Sad to write this. My cousin passed away from her body ridden cancer. Her oldest brother finally made it from Texas and got to talk with her a couple of hours. My mom told me this yesterday. So now that leaves 4 cousins left from my mother's passed away brother. My mom asked me if I would like to go to the funeral. She already knew my answer would be that I am unable to go. It would be so hard for me and my body. I wish that I could, I would like to show my respects to the family. She passed away at her home. My mom told me that my cousin was the glue that kept that family going. I feel sad for her daughter who is younger by a couple of years from my son and her husband. Time doesn't really heal it. Your saddness is kept in better check from others. You think of that person or pet each and every day. You remember the joy and happiness that person or pet brought you. Now I am feeling really sad. I have to stop writing about this right now.

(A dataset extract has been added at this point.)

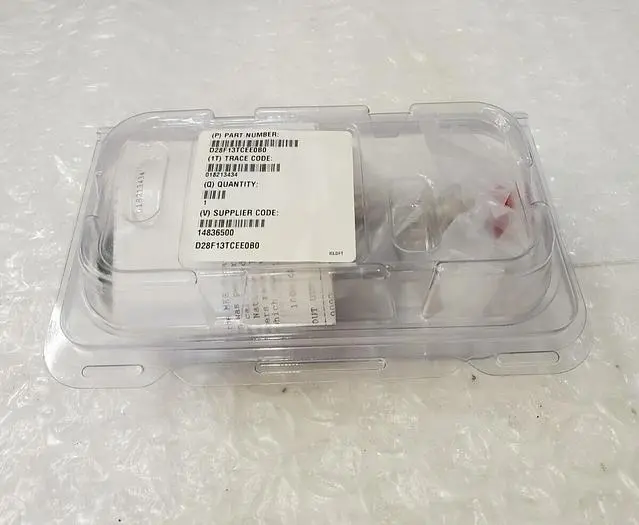 MKS D28F13TCEE0B0 BARATRON DUAL RANGE MANOMETER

So then, woke up to snow on the ground here. They say that it has to snow on the robins three times once they have arrived. Well this is the first. Seems like on Wednesday it will be the second. So needless to say I am not going to be picking up pinecones and twigs for awhile. Hehehehe.....I will do indoor tasks for awhile. Ya right. I will probably do FV, read, nap and perhaps some laundry, don't you know there always seems to be laundry to do. Oh and I will most definitely have to shower and wash my hair today. I have put off that task for two days now.
Really I got nothing else. Just a bit tired still. This too will pass.